> **Directions**
Set out exactly, and only, the lines running from the one containing "A comparison of" to the bottom of the listing below; pictures stay out.
━━━━━━━━
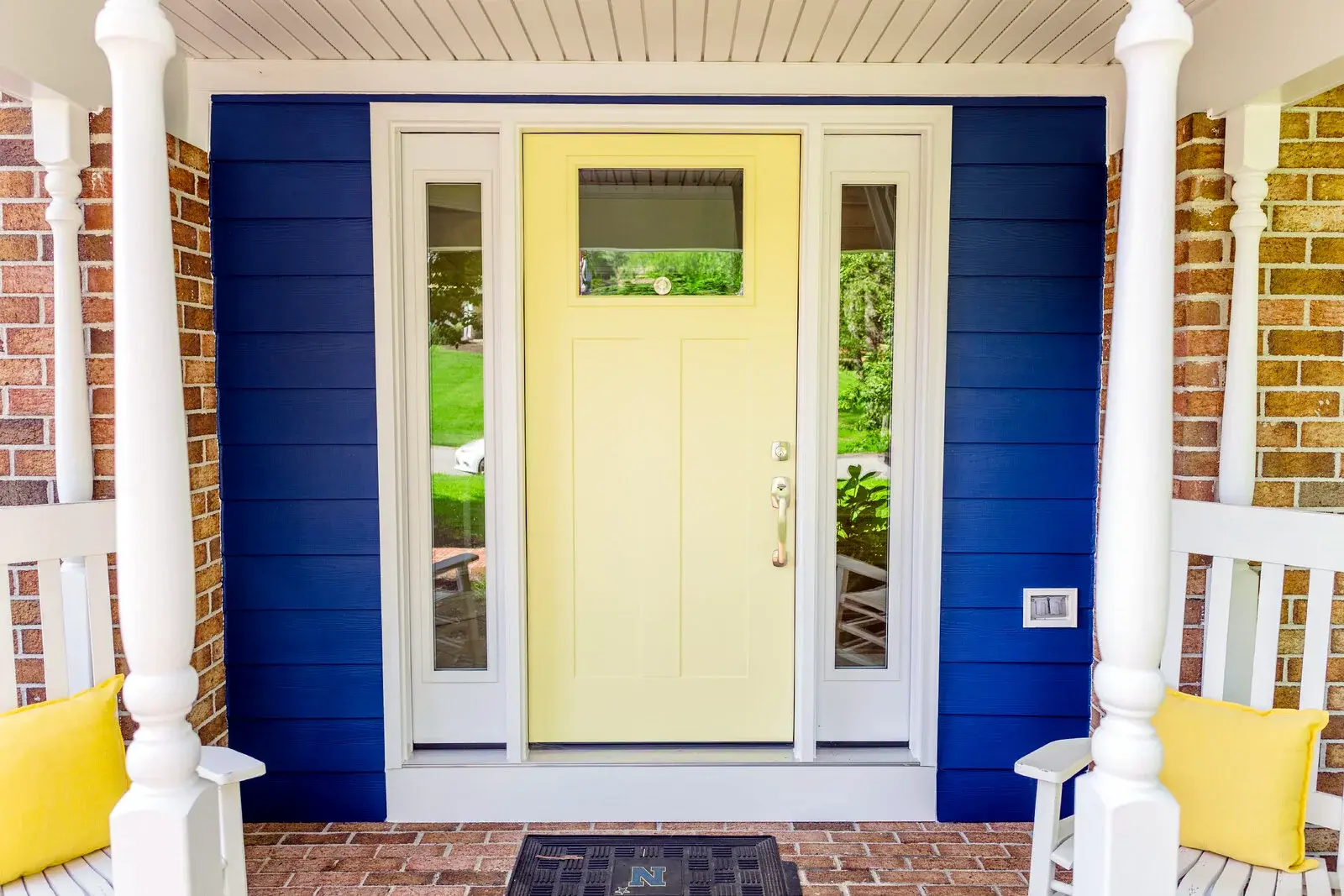 Blue exterior siding and a light front door with clean entry trim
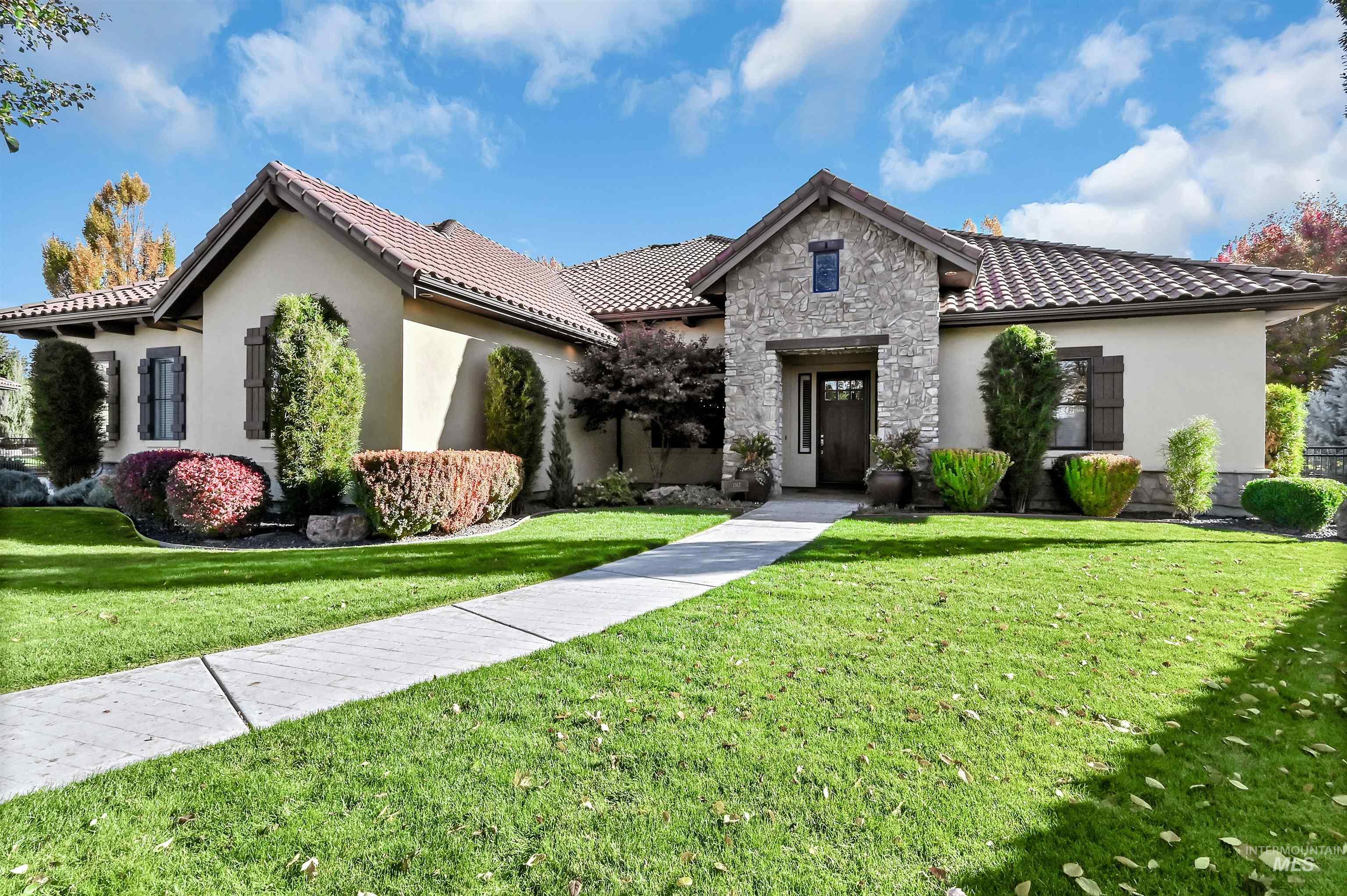 Mediterranean / spanish home featuring stucco siding, stone siding, a front yard, and a tiled roof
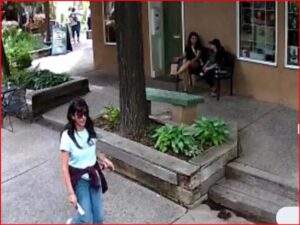 A woman in a light blue shirt and jeans walks along a sidewalk while two people sit on steps outside a storefront in the background.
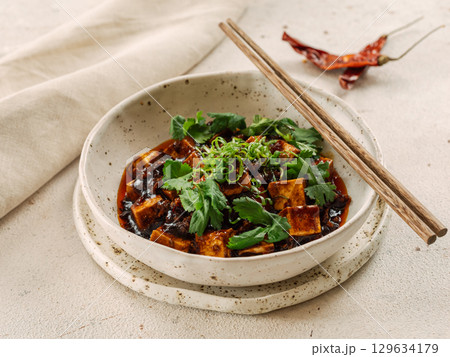 Spicy asian tofu salad or appetizer. Fried tofu decorated green onion - chinese dish with sauce. Serving Asian dish in restaurant in plate. Copy space 129634179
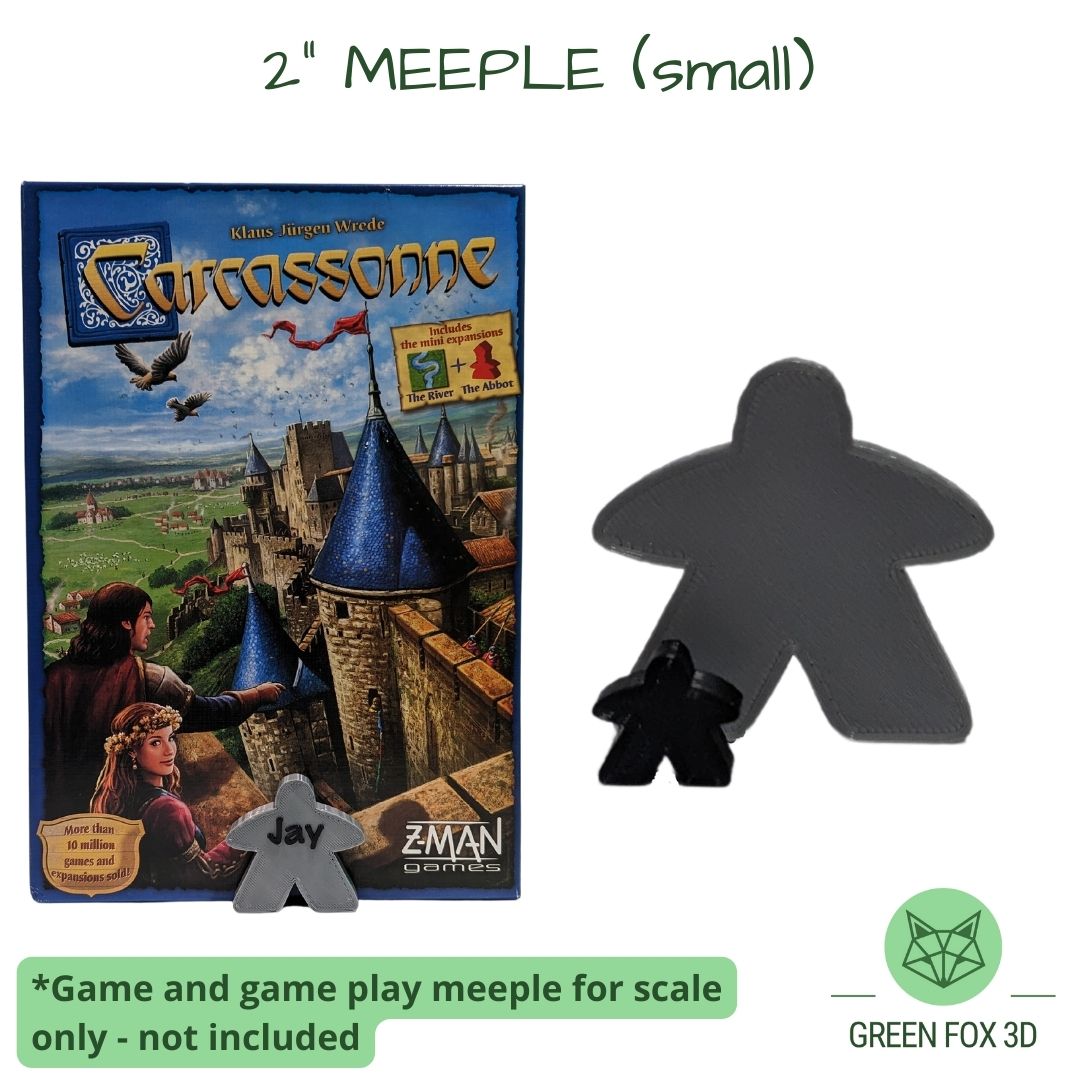A comparison of a personalized, 2 inch meeple against game token and board game box.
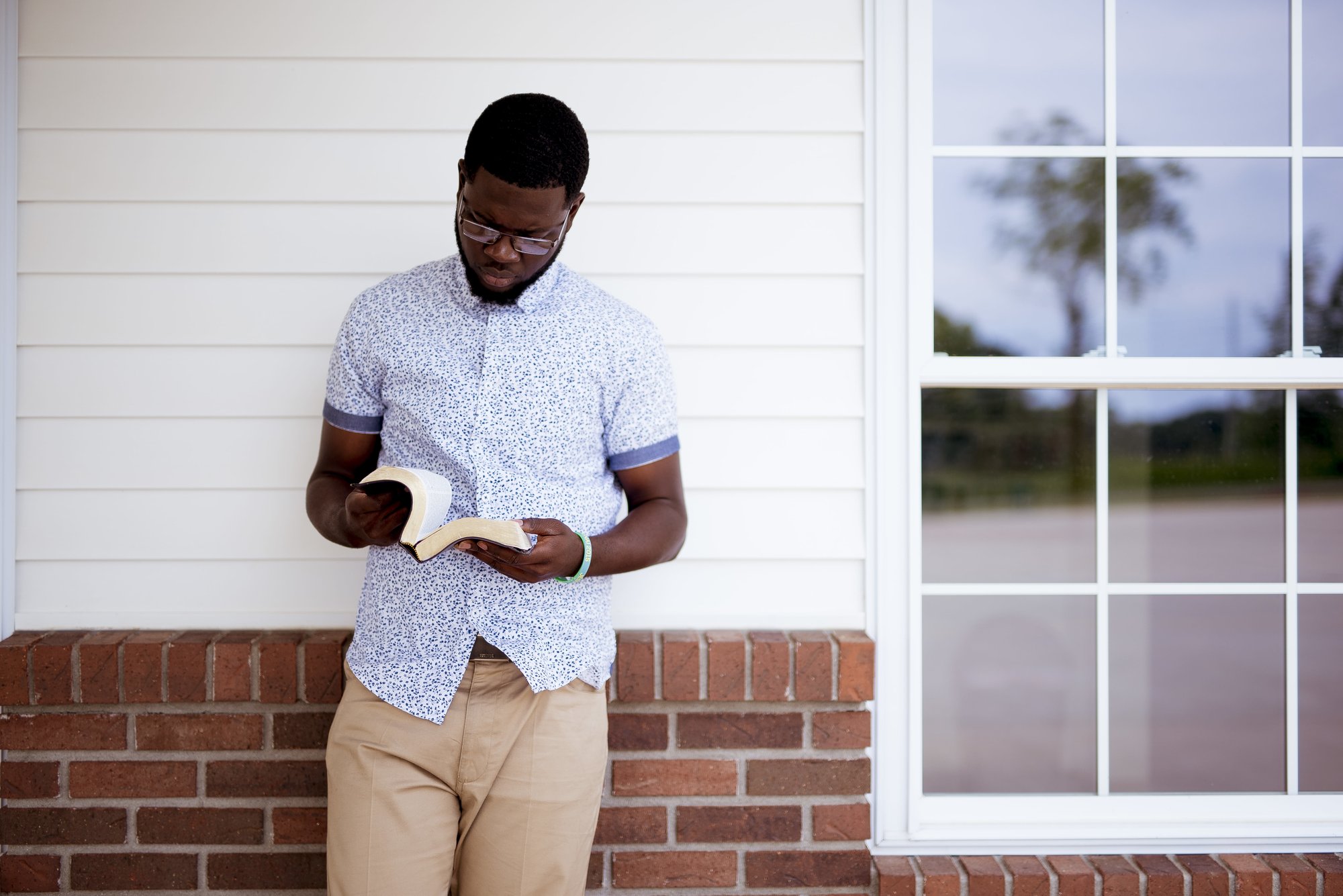 male-leaning-against-wall-while-reading-bible male-leaning-against-wall-while-reading-bible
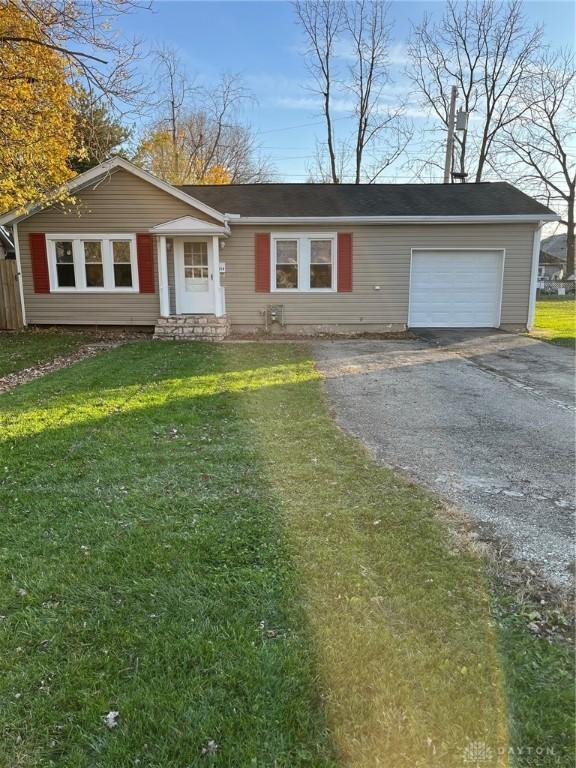 ranch-style house featuring an attached garage, driveway, and a front yard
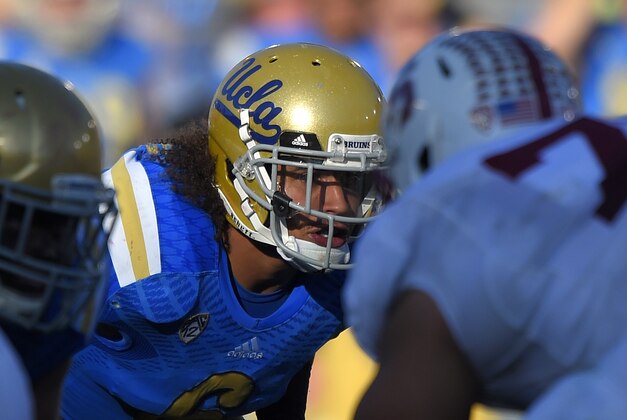 UCLA linebacker Eric Kendricks gets read to run a play during the second half of an NCAA college football game against Stanford, Friday, Nov. 28, 2014, in Pasadena, Calif. Stanford won 31-10. (AP Photo/Mark J. Terrill)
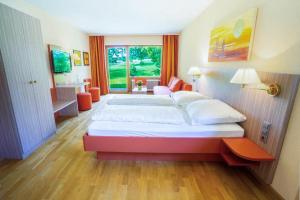 Postel nebo postele na pokoji v ubytování Wohlfühlhotel Sonnengarten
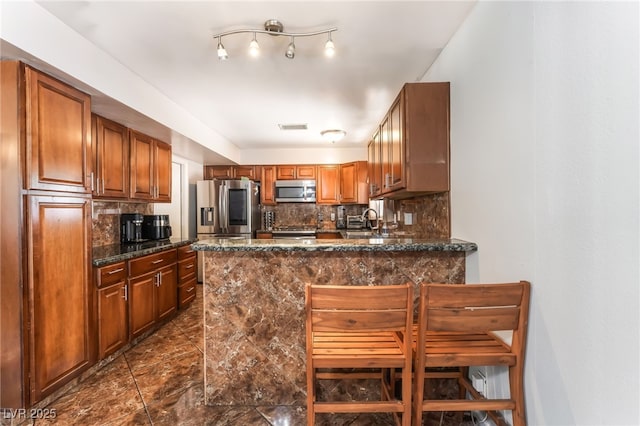 170 Palisade Ave, Las Vegas, NV 89110 - kitchen with stainless steel appliances, tasteful backsplash, a peninsula, and brown cabinetry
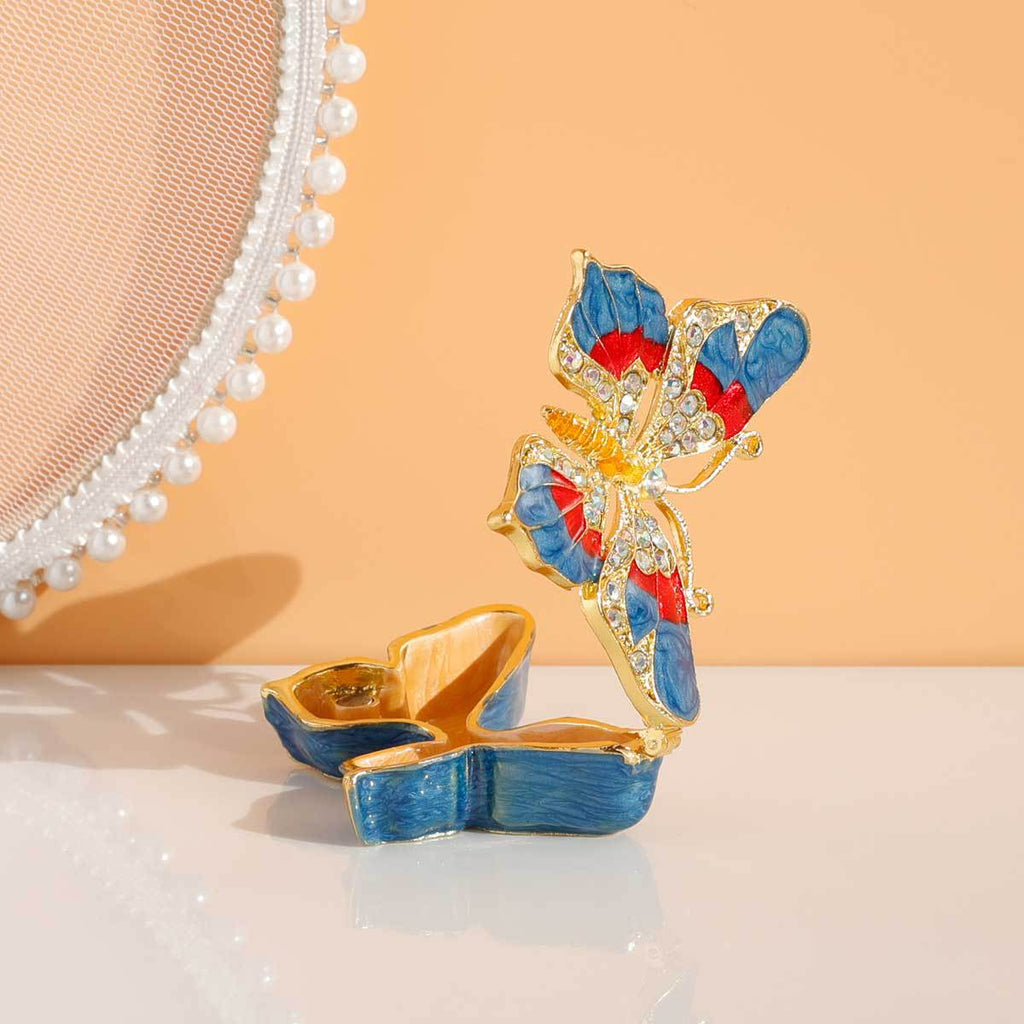 Side view of open butterfly jewelry box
━━━━━━━━
> **Reply**
A comparison of a personalized, 2 inch meeple against game token and board game box.
 male-leaning-against-wall-while-reading-bible male-leaning-against-wall-while-reading-bible
 ranch-style house featuring an attached garage, driveway, and a front yard
 UCLA linebacker Eric Kendricks gets read to run a play during the second half of an NCAA college football game against Stanford, Friday, Nov. 28, 2014, in Pasadena, Calif. Stanford won 31-10. (AP Photo/Mark J. Terrill)
 Postel nebo postele na pokoji v ubytování Wohlfühlhotel Sonnengarten
 170 Palisade Ave, Las Vegas, NV 89110 - kitchen with stainless steel appliances, tasteful backsplash, a peninsula, and brown cabinetry
 Side view of open butterfly jewelry box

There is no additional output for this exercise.